Mail and Mail on Sunday writers who hadn’t seen the Hammond bit continually misrepresented it in search of scandal, as they did with Jerry Springer The Opera, which I contributed to, but when their own critic finally went to see the show he concluded; ‘In context, nothing Lee says [about Richard Hammond] is offensive.‘ How about some joined-up thinking?
Moir continues: ‘Lee claims he was making a point about bullying, but the viciousness is breathtaking. Which brings us to Frankie Boyle, the malcontent Scottish comedian who thinks it is funny to make jokes about child rape, Madeleine McCann and, famously, Katie Price’s blind, autistic son, Harvey.‘
No. What I do does not ‘bring us to Frankie Boyle’, because I don’t do anything about child rape, Madeleine McCann or Harvey Price or anything like any of that; and it doesn’t bring us to Frankie Boyle because he has neither been quoted as commenting on Michael McIntyre or ever been described as left-wing and PC and liberal, which surely makes him utterly irrelevant to both the title and the supposed content of Jan’s silly article.
At least this time The Mail have misrepresented me, my mother isn’t here to be embarrassed by her Daily Mail reading friends, pitying her for having a son who would do and say all these things, that I didn’t really do or say.
There is no story here, no facts, no names, nothing. Perhaps Jan Moir knows this, and this is why she has appended this Boyle irrelevance to the end of it, and conjured a cabal of McIntyre-hating foul-mouthed left-wing comedians, without actually being able to name a single example of anyone who fits this bill.
And, prior to Frankie Boyle’s joke about Jordan’s son, the last time the public spontaneously moved against someone on the grounds of taste and decency, it was against Jan Moir herself. To paraphrase her own comments on Boyle: ‘You might think there would not be a rock in the country big enough for (Jan Moir) to crawl under and disappear for ever.’ Moir’s piece is diarrhoea. And it’s not even warm.
The problem with doing jokes about McIntyre is that it’s become a cliché. Everyone’s doing them, and by the time I got to record my Michael McIntyre song for TV in January I was already aware it was dead in the water, though thankfully it was cut short by people walking out bored. To quote Simon Munnery, a greater comedian than anyone mentioned on this page, and one who has never won a British Comedy Award,: ‘When the crowd get behind you you’re probably facing the wrong way.’
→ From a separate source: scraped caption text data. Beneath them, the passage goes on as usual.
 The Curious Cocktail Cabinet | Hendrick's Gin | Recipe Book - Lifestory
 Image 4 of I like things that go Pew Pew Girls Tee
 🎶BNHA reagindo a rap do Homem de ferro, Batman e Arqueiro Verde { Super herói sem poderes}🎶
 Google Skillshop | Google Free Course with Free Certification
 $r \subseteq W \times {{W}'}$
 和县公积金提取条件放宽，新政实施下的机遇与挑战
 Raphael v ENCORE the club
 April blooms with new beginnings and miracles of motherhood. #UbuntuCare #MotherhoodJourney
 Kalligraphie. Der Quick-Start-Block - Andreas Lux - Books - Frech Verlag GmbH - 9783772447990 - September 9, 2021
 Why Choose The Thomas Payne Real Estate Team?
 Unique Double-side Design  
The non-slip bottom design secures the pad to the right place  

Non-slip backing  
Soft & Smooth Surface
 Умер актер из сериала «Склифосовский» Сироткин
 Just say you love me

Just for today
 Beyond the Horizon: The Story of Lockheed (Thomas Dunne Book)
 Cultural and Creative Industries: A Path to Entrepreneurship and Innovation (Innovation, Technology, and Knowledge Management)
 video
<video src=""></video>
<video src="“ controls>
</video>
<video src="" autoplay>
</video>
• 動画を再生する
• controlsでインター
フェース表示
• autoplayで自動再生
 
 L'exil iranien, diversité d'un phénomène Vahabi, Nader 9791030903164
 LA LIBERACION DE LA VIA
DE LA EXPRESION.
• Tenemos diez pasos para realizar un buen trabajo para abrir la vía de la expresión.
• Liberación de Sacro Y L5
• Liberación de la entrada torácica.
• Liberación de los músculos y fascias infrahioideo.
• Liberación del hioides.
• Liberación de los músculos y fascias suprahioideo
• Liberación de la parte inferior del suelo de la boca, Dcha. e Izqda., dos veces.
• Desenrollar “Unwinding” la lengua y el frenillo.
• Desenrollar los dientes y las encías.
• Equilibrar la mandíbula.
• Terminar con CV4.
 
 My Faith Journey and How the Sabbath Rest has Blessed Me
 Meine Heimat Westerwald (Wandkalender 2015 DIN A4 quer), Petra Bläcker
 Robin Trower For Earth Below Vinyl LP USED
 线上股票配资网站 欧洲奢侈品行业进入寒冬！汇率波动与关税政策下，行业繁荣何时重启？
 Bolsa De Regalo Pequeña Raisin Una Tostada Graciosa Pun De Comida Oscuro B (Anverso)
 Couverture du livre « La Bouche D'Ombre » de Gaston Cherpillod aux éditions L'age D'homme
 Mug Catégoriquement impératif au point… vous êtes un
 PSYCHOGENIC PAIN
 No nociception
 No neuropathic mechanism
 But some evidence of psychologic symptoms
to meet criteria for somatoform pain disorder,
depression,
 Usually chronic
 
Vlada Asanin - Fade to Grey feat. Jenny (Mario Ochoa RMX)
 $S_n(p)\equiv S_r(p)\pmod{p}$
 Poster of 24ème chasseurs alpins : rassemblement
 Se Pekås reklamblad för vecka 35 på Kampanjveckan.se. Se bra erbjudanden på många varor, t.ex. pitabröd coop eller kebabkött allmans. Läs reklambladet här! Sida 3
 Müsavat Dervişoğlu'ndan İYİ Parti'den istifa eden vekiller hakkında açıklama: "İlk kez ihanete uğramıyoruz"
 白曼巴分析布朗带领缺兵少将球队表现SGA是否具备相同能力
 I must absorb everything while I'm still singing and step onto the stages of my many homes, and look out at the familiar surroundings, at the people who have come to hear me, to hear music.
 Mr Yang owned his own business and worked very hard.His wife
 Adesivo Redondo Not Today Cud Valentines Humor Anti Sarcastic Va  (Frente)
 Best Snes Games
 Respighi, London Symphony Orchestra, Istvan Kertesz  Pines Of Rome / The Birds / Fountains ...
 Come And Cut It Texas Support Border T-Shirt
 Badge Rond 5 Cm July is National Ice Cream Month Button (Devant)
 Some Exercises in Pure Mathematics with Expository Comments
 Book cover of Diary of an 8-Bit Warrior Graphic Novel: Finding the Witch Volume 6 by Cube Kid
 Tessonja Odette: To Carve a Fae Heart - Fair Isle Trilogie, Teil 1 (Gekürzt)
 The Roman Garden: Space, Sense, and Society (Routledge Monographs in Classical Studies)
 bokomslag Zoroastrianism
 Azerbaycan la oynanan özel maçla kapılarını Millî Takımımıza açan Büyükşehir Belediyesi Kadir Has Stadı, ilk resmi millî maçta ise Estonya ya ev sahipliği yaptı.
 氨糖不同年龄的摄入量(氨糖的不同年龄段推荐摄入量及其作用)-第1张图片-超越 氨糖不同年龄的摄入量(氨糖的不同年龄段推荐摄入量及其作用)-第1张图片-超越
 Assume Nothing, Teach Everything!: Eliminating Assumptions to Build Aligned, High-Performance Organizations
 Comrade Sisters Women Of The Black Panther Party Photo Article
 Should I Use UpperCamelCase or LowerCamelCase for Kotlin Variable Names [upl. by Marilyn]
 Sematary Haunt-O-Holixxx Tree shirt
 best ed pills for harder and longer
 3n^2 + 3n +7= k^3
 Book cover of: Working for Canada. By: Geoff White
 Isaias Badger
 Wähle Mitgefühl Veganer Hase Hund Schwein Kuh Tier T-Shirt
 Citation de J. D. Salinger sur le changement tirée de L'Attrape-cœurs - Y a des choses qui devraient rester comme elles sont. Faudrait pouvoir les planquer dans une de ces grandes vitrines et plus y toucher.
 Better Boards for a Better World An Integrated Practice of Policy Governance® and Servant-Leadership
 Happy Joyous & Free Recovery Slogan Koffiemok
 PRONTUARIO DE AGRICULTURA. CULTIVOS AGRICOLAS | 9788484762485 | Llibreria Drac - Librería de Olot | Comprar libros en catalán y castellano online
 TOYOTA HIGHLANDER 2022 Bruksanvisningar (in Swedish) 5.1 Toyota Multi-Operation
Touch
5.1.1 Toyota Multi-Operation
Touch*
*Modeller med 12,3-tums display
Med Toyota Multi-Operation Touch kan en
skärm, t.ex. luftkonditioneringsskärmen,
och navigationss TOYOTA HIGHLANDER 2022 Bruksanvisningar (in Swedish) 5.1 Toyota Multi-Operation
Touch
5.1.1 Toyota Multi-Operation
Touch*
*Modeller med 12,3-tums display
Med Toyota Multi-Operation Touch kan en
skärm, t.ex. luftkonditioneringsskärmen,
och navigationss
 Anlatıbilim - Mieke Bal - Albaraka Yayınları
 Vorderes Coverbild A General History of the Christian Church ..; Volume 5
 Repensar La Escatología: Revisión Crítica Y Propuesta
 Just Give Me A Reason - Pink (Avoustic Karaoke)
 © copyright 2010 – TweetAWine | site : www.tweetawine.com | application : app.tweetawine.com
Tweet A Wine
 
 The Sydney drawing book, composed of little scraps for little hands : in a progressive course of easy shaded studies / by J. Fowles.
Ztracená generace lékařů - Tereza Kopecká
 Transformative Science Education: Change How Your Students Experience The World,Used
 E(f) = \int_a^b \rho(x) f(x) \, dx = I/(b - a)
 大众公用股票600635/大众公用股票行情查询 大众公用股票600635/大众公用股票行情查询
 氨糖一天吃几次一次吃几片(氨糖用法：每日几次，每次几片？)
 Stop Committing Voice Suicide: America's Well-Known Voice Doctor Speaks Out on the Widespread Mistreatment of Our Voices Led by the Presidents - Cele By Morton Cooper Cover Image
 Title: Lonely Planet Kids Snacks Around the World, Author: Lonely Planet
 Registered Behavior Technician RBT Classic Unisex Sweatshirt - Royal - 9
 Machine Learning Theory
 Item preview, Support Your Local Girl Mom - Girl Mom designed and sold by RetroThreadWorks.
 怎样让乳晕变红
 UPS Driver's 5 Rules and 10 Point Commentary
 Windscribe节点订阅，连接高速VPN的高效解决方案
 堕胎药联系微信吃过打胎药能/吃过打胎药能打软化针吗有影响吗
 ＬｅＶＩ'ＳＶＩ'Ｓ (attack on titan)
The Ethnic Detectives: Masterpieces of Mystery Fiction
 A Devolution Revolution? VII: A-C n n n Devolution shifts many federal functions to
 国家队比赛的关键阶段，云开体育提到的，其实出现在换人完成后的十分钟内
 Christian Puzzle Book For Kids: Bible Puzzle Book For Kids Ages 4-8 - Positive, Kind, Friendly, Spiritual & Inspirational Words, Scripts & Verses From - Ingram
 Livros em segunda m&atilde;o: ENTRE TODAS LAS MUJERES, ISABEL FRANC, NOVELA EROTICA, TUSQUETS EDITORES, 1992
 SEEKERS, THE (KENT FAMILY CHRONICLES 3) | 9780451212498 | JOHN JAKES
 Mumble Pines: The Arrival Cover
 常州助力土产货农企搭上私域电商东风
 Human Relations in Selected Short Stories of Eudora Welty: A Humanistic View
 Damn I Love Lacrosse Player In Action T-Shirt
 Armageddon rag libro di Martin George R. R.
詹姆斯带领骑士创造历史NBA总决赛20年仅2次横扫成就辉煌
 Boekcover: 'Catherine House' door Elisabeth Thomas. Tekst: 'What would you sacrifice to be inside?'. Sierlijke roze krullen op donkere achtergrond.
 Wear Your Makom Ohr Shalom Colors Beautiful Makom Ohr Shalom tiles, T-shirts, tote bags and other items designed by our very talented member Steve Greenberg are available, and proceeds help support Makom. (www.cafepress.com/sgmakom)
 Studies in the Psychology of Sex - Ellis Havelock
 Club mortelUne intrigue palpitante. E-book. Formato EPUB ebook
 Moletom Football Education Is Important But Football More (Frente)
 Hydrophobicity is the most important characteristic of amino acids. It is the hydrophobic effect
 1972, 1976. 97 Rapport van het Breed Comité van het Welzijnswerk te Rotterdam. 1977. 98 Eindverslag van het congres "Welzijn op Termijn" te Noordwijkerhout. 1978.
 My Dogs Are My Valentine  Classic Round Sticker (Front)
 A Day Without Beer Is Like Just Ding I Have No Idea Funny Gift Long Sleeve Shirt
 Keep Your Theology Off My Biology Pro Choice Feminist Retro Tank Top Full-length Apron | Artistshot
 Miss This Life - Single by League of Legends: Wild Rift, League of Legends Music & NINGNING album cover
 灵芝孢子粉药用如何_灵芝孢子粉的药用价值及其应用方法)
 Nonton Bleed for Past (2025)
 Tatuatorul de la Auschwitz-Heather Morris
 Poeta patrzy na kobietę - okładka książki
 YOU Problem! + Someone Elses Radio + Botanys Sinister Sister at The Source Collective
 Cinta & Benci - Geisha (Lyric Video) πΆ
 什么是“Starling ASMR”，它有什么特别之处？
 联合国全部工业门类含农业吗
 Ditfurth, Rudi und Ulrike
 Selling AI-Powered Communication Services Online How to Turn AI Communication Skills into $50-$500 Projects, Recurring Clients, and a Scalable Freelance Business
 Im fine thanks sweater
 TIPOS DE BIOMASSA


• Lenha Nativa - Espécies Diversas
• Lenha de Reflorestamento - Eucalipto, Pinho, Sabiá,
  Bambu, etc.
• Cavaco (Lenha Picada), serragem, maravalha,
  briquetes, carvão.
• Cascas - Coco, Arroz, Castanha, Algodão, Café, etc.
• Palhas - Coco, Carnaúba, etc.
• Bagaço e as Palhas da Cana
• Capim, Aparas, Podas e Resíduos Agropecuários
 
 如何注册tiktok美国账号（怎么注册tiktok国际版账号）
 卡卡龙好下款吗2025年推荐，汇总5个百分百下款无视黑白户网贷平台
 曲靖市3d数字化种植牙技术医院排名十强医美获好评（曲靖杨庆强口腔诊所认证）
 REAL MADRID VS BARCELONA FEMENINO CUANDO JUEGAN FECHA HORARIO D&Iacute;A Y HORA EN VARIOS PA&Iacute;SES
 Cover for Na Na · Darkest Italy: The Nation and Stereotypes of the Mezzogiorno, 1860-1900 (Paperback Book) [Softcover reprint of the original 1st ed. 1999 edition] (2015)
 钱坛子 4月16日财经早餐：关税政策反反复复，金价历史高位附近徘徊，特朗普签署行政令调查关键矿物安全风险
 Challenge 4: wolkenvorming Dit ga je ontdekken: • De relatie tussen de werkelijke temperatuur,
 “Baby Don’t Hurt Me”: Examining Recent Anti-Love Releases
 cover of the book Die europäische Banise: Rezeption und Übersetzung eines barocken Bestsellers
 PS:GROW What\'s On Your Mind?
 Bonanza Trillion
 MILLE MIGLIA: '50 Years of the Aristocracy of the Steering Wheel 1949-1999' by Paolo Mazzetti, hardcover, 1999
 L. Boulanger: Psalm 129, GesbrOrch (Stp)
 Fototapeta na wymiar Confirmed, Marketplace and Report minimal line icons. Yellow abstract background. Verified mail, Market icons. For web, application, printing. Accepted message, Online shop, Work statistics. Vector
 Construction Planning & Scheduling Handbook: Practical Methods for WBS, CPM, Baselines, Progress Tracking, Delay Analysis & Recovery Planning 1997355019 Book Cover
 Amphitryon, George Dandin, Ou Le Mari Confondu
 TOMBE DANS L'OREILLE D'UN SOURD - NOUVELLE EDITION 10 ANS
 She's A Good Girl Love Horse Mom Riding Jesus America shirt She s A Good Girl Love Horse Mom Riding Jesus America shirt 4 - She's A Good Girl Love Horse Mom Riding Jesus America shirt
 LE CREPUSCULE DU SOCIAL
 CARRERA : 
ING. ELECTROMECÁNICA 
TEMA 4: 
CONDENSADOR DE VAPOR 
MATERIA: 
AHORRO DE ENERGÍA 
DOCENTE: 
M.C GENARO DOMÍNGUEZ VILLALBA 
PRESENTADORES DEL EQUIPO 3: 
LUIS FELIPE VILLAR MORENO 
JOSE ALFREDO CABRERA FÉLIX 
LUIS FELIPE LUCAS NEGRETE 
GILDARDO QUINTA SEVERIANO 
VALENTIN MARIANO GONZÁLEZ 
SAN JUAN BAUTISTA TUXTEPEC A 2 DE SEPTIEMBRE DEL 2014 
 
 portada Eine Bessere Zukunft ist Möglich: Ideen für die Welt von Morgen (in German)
But it is necessary for people to be reminded that there is more than one way of doing stand-up, as McIntyre’s observational shtick becomes a gold standard, and young comics think their only chance of success is to get a slot on his roadshow.
I’ve made the point, in a piece for the Independent, that McIntyre’s ubiquity means ‘alternative’ comics do, for the first time since the ’70s, have a clearly visible mainstream to define themselves in opposition to, and this has benefitted me, for example, enormously I think.
But, despite the suggestion that he has been victimised by Frankie Boyle’s imaginary liberal cabal, McIntyre is a very powerful figure. Indeed, I once, mistakenly in retrospect, pretended to be Michael McIntyre and, for a joke, rang up a famous comedian who had made fun of him. The panicked 15- minute apology he gave me before I’d even had a chance to reveal myself spoke volumes about the influence he is perceived as wielding.
The downside of all this nonsense, apart from having to change my phone number and waste a whole morning during Edinburgh preview season writing this righteous blow off, is that I would still really love to do a tour re-interpreting Michael’s routines, but I expect all this makes that dream even less likely to be fulfilled.
On the positive side, my wife worked for The Daily Mail as a researcher in the early Noughties and, as a punishment for this, whenever it runs a stupid made-up story about something I’ve worked on, I make her have sex with me.
So far The Mail has made up stuff about Jerry Springer The Opera and the 41st Best Stand-Up set, and so now we have two beautiful children. A third will soon be on the way. And I will name him Michael. Michael McIntyre Diarrhoea Lee.